### [REQUIREMENT]
Copy exactly the lines from the start of the data below through the one that carries "Fototapeta premium Smiling", and only those.

[Saved data entries]

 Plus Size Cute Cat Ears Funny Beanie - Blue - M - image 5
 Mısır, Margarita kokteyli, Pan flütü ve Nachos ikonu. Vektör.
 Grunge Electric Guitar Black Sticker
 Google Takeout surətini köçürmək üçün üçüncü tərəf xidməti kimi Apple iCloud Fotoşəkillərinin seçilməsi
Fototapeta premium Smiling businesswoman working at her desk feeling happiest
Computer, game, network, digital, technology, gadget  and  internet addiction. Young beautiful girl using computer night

### [WRITTEN RESPONSE]
 Plus Size Cute Cat Ears Funny Beanie - Blue - M - image 5
 Mısır, Margarita kokteyli, Pan flütü ve Nachos ikonu. Vektör.
 Grunge Electric Guitar Black Sticker
 Google Takeout surətini köçürmək üçün üçüncü tərəf xidməti kimi Apple iCloud Fotoşəkillərinin seçilməsi
Fototapeta premium Smiling businesswoman working at her desk feeling happiest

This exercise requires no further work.